Excerpted records
#####

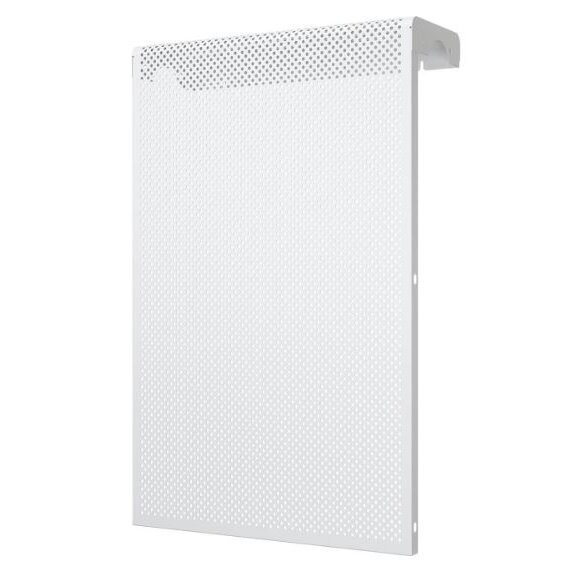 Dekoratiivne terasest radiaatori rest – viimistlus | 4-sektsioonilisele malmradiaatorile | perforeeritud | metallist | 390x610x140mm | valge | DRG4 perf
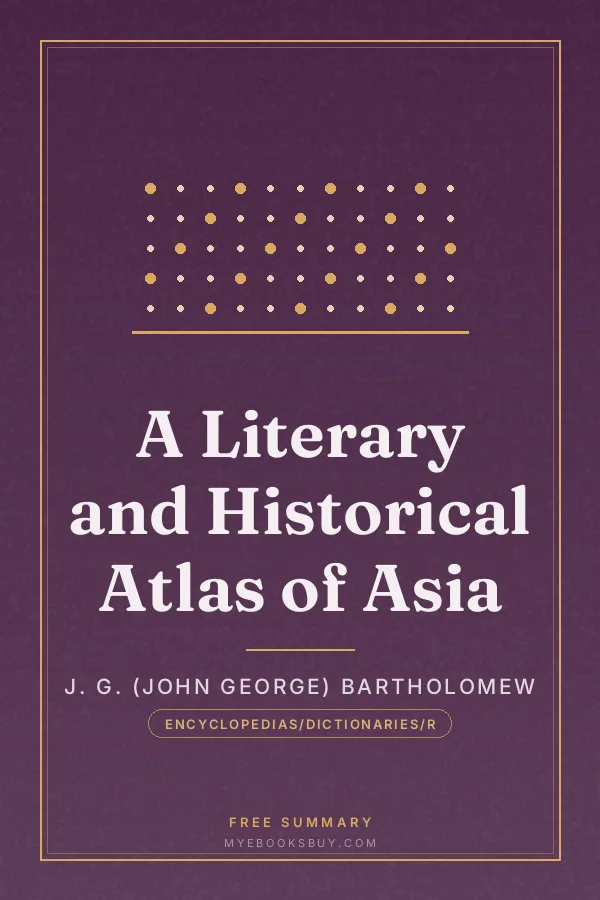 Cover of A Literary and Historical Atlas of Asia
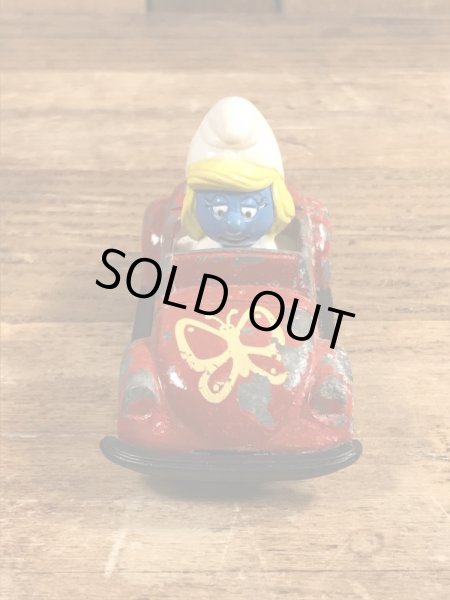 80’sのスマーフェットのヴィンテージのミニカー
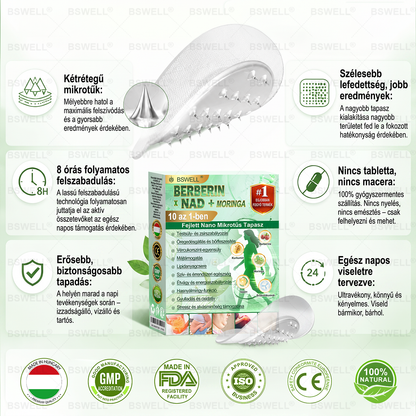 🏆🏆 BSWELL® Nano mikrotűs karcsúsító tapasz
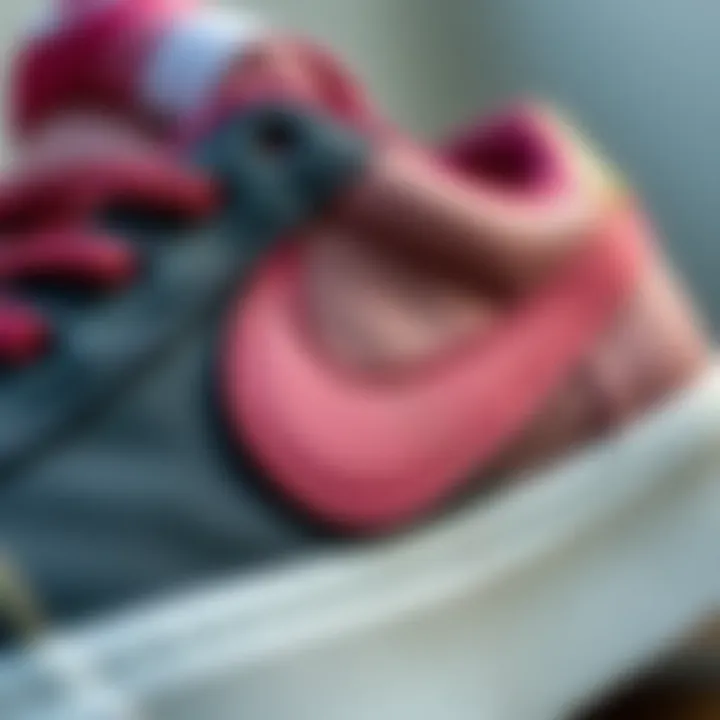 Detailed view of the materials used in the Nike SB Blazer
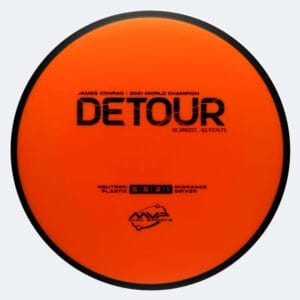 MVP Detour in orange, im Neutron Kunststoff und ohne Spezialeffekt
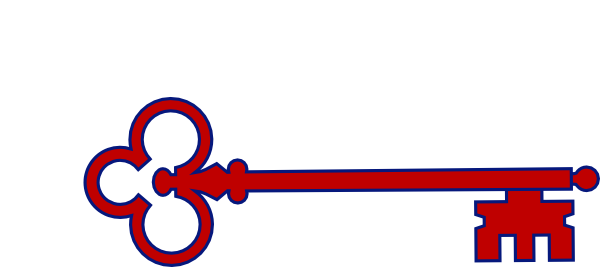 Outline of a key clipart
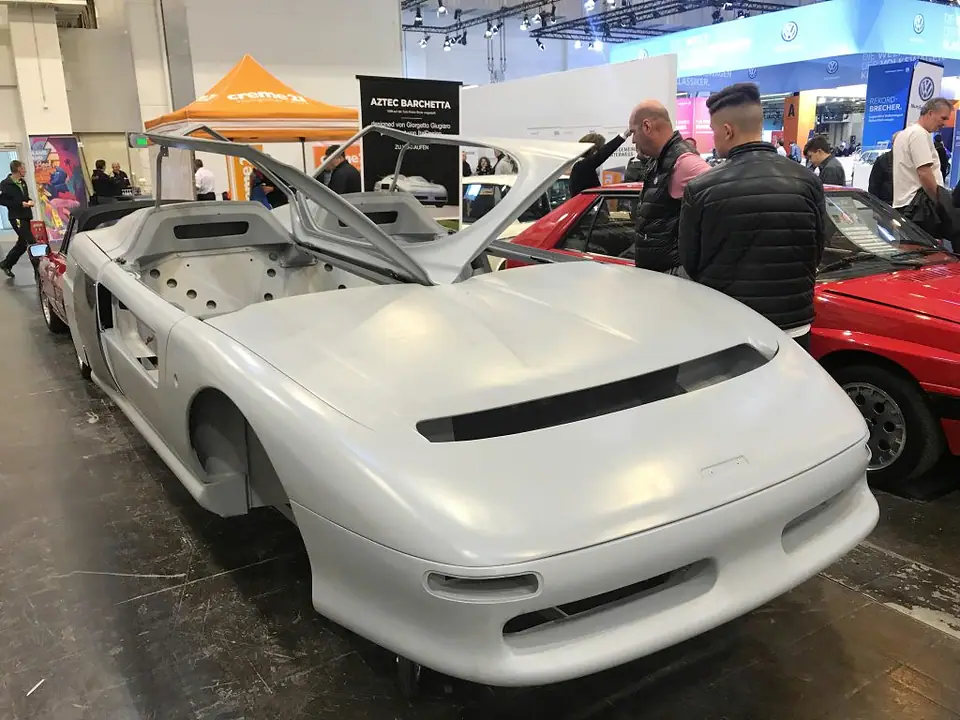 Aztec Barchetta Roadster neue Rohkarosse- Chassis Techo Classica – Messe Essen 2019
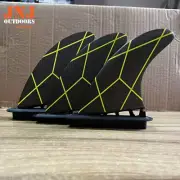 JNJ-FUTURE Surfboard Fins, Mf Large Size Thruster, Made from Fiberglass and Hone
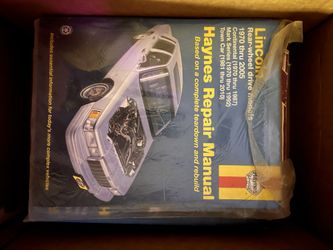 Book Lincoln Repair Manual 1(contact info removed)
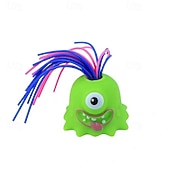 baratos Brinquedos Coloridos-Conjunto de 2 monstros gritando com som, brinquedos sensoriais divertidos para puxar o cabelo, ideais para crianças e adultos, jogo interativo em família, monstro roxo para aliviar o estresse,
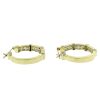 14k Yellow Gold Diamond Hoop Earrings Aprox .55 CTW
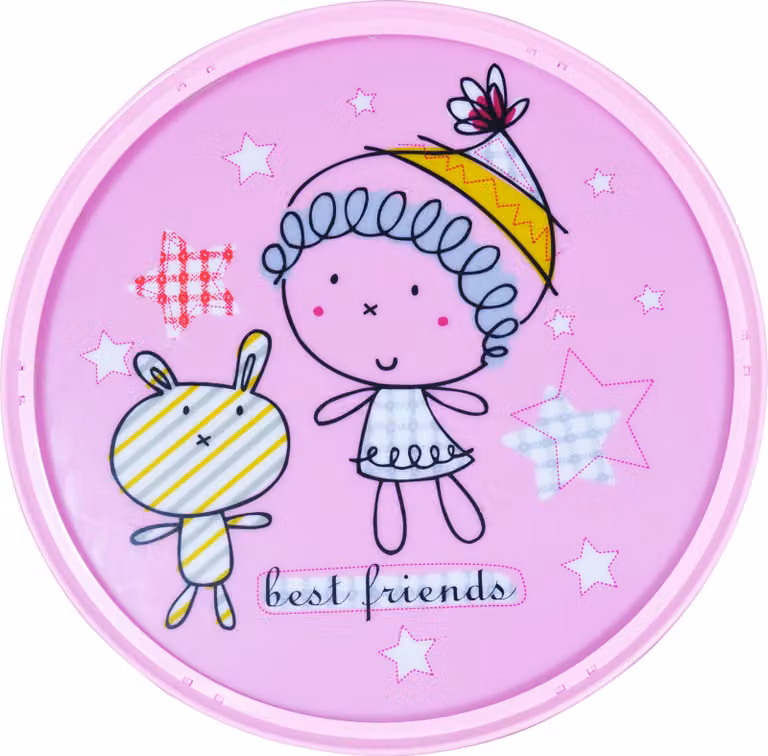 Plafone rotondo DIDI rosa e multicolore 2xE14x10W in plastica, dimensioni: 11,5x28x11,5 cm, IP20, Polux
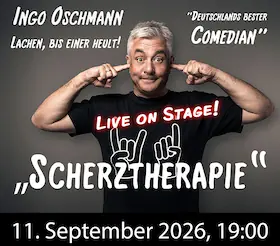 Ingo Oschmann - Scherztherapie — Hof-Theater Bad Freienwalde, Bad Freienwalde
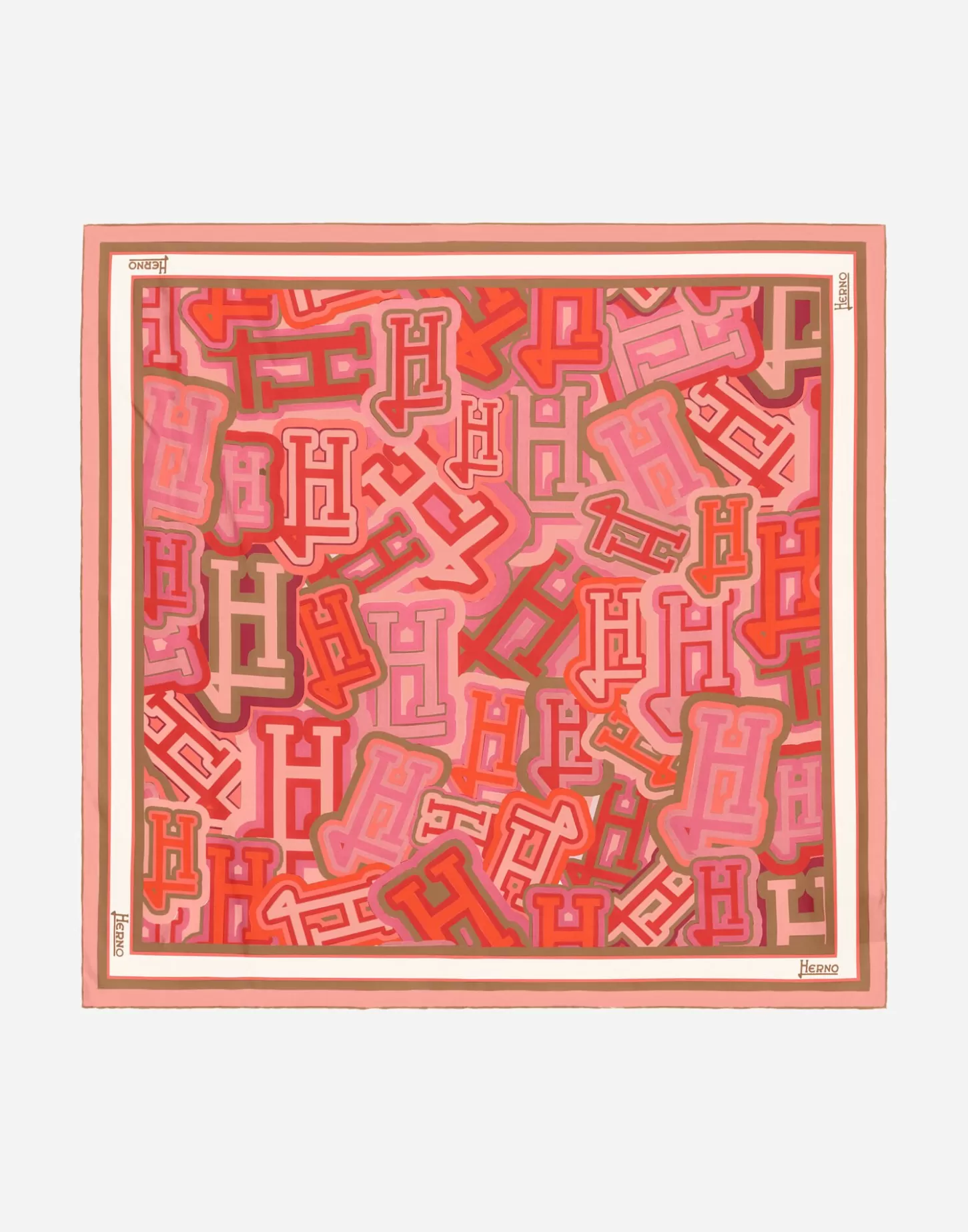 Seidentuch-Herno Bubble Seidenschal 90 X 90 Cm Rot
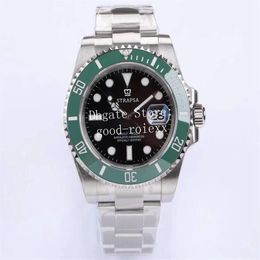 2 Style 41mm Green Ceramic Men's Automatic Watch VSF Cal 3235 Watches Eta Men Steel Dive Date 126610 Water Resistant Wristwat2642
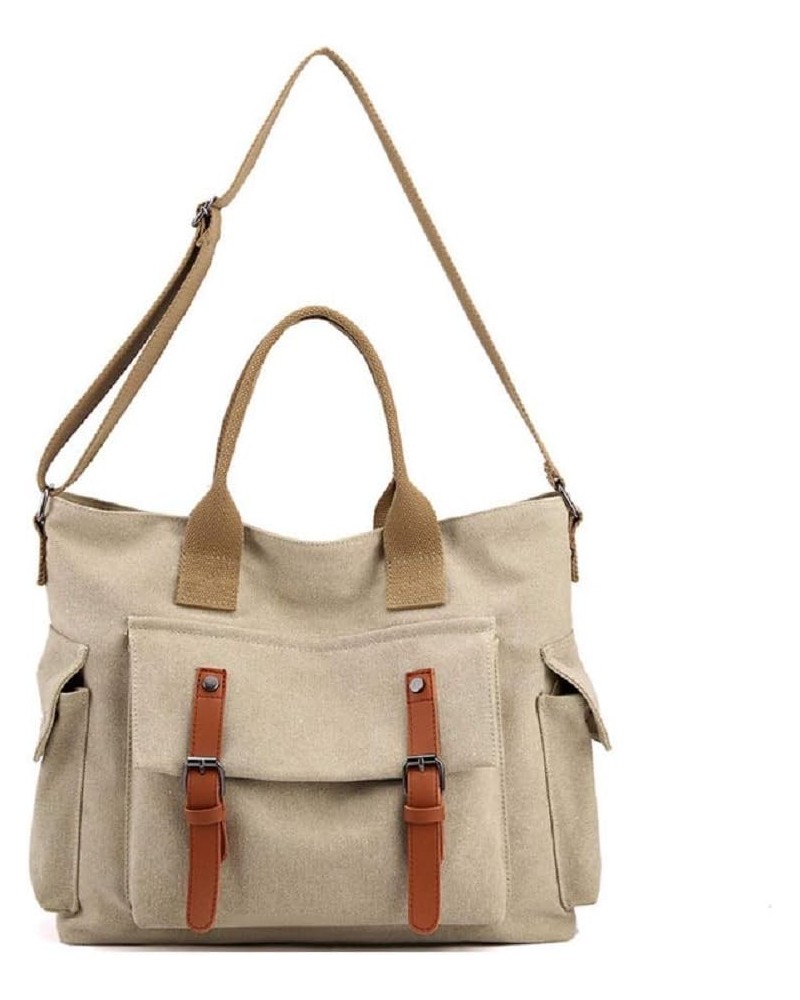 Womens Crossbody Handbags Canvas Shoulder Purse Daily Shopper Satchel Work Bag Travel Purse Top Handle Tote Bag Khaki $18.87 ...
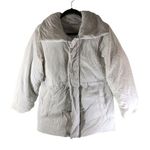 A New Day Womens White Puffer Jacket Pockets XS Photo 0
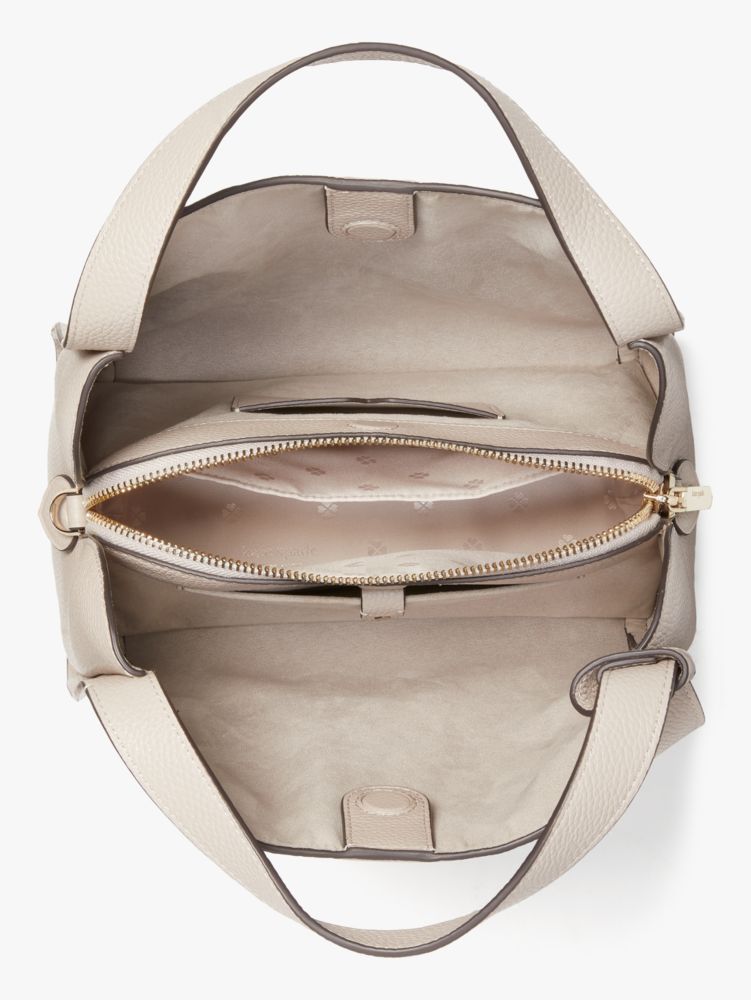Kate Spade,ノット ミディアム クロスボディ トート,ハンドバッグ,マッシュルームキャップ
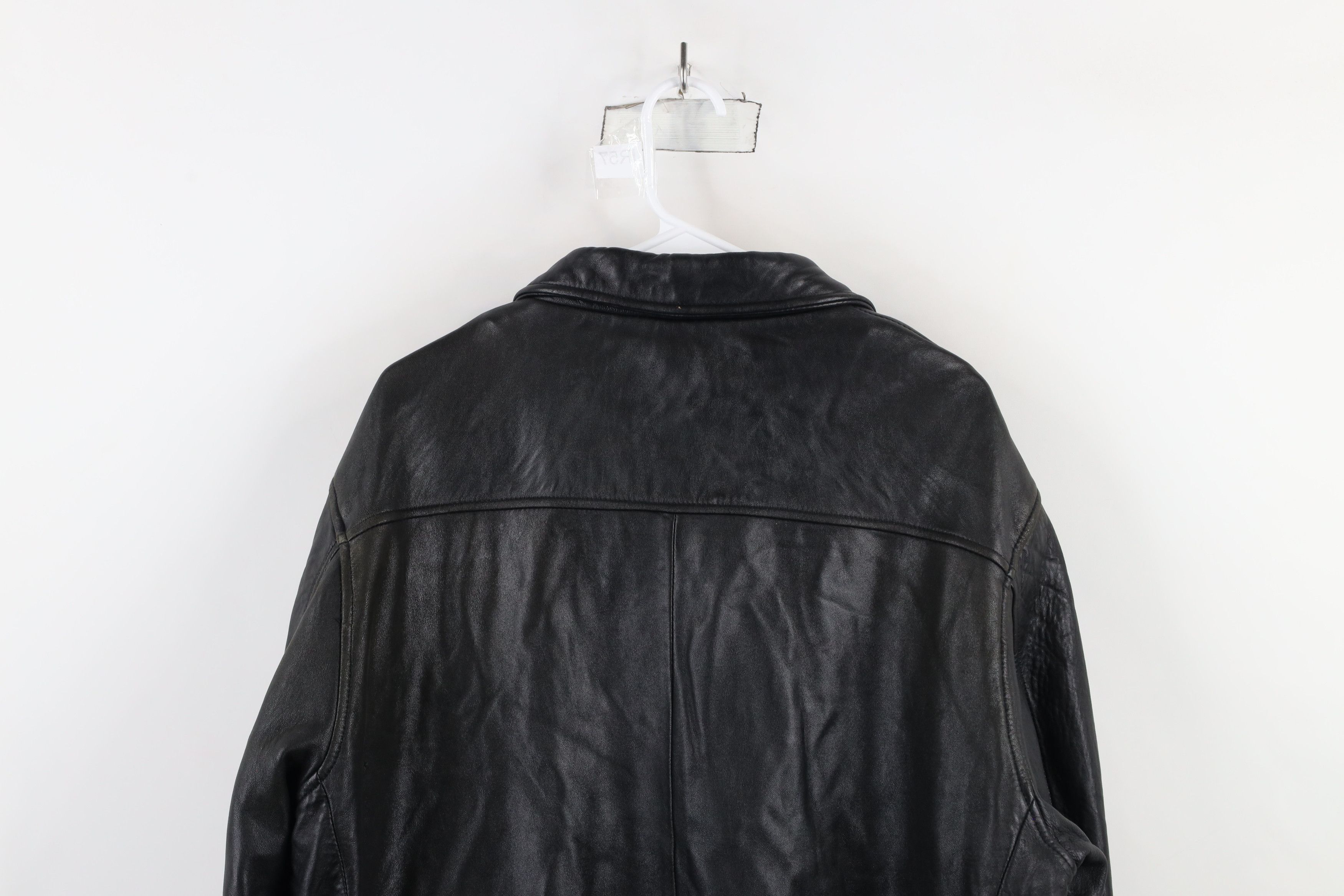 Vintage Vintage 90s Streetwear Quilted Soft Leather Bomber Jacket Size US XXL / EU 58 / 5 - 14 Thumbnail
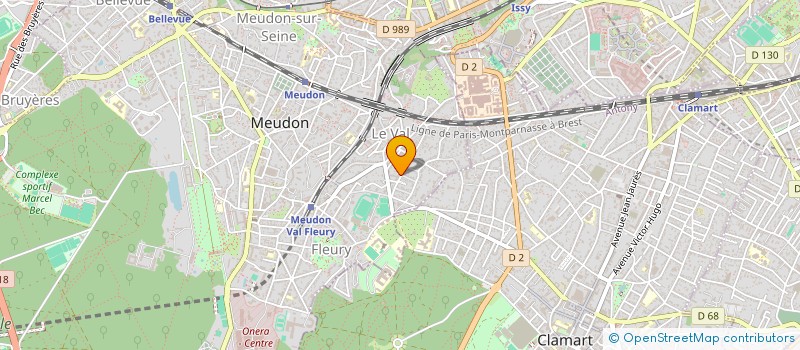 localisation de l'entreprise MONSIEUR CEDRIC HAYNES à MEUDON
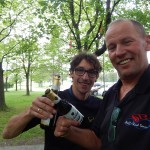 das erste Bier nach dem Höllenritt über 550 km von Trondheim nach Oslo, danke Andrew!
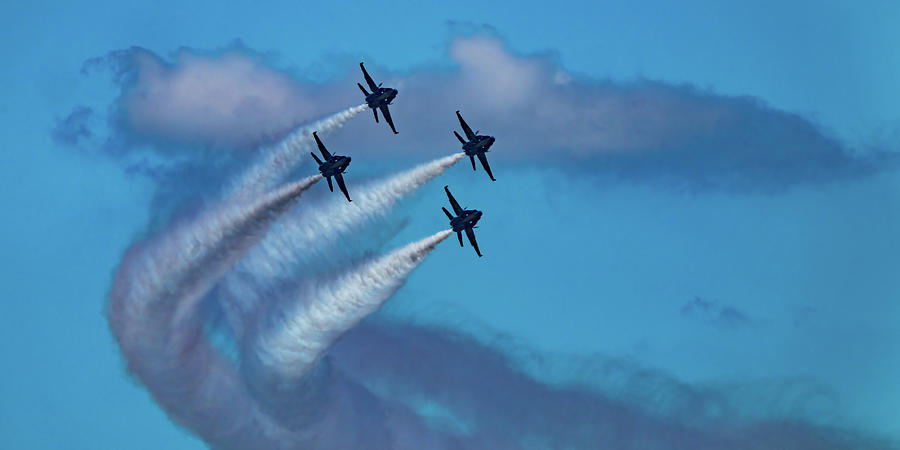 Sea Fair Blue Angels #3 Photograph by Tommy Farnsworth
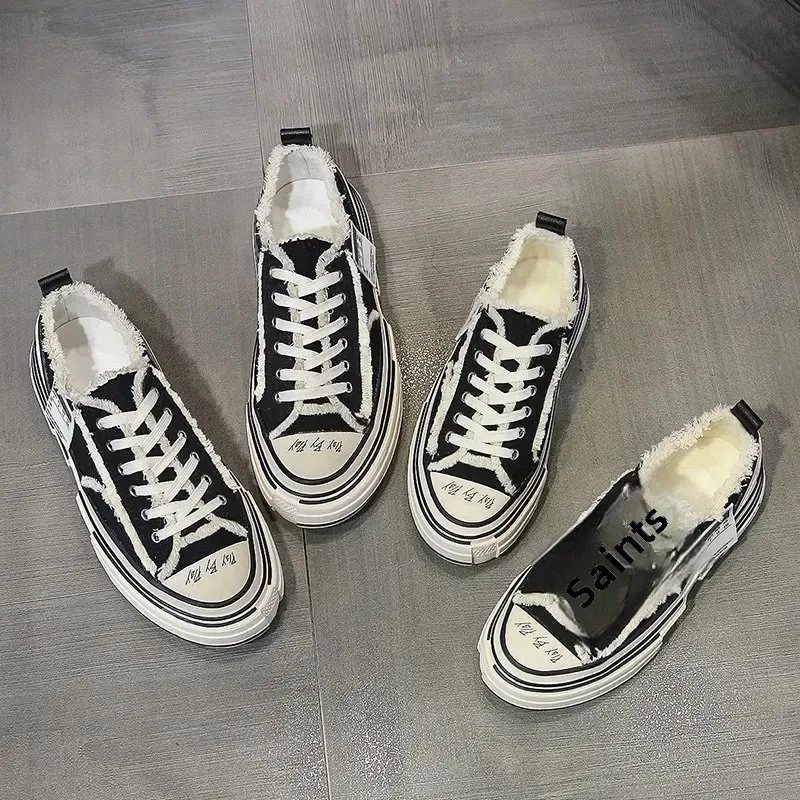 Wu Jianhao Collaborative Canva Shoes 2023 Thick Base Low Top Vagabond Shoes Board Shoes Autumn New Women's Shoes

#####

The task
Output all the material above exactly once more, leaving every picture out.

Answer to the problem
 Dekoratiivne terasest radiaatori rest – viimistlus | 4-sektsioonilisele malmradiaatorile | perforeeritud | metallist | 390x610x140mm | valge | DRG4 perf
 Cover of A Literary and Historical Atlas of Asia
 80’sのスマーフェットのヴィンテージのミニカー
 🏆🏆 BSWELL® Nano mikrotűs karcsúsító tapasz
 Detailed view of the materials used in the Nike SB Blazer
 MVP Detour in orange, im Neutron Kunststoff und ohne Spezialeffekt
 Outline of a key clipart
 Aztec Barchetta Roadster neue Rohkarosse- Chassis Techo Classica – Messe Essen 2019
 JNJ-FUTURE Surfboard Fins, Mf Large Size Thruster, Made from Fiberglass and Hone
 Book Lincoln Repair Manual 1(contact info removed)
 baratos Brinquedos Coloridos-Conjunto de 2 monstros gritando com som, brinquedos sensoriais divertidos para puxar o cabelo, ideais para crianças e adultos, jogo interativo em família, monstro roxo para aliviar o estresse,
 14k Yellow Gold Diamond Hoop Earrings Aprox .55 CTW
 Plafone rotondo DIDI rosa e multicolore 2xE14x10W in plastica, dimensioni: 11,5x28x11,5 cm, IP20, Polux
 Ingo Oschmann - Scherztherapie — Hof-Theater Bad Freienwalde, Bad Freienwalde
 Seidentuch-Herno Bubble Seidenschal 90 X 90 Cm Rot
 2 Style 41mm Green Ceramic Men's Automatic Watch VSF Cal 3235 Watches Eta Men Steel Dive Date 126610 Water Resistant Wristwat2642
 Womens Crossbody Handbags Canvas Shoulder Purse Daily Shopper Satchel Work Bag Travel Purse Top Handle Tote Bag Khaki $18.87 ...
 A New Day Womens White Puffer Jacket Pockets XS Photo 0
Kate Spade,ノット ミディアム クロスボディ トート,ハンドバッグ,マッシュルームキャップ
 Vintage Vintage 90s Streetwear Quilted Soft Leather Bomber Jacket Size US XXL / EU 58 / 5 - 14 Thumbnail
 localisation de l'entreprise MONSIEUR CEDRIC HAYNES à MEUDON
 das erste Bier nach dem Höllenritt über 550 km von Trondheim nach Oslo, danke Andrew!
 Sea Fair Blue Angels #3 Photograph by Tommy Farnsworth
 Wu Jianhao Collaborative Canva Shoes 2023 Thick Base Low Top Vagabond Shoes Board Shoes Autumn New Women's Shoes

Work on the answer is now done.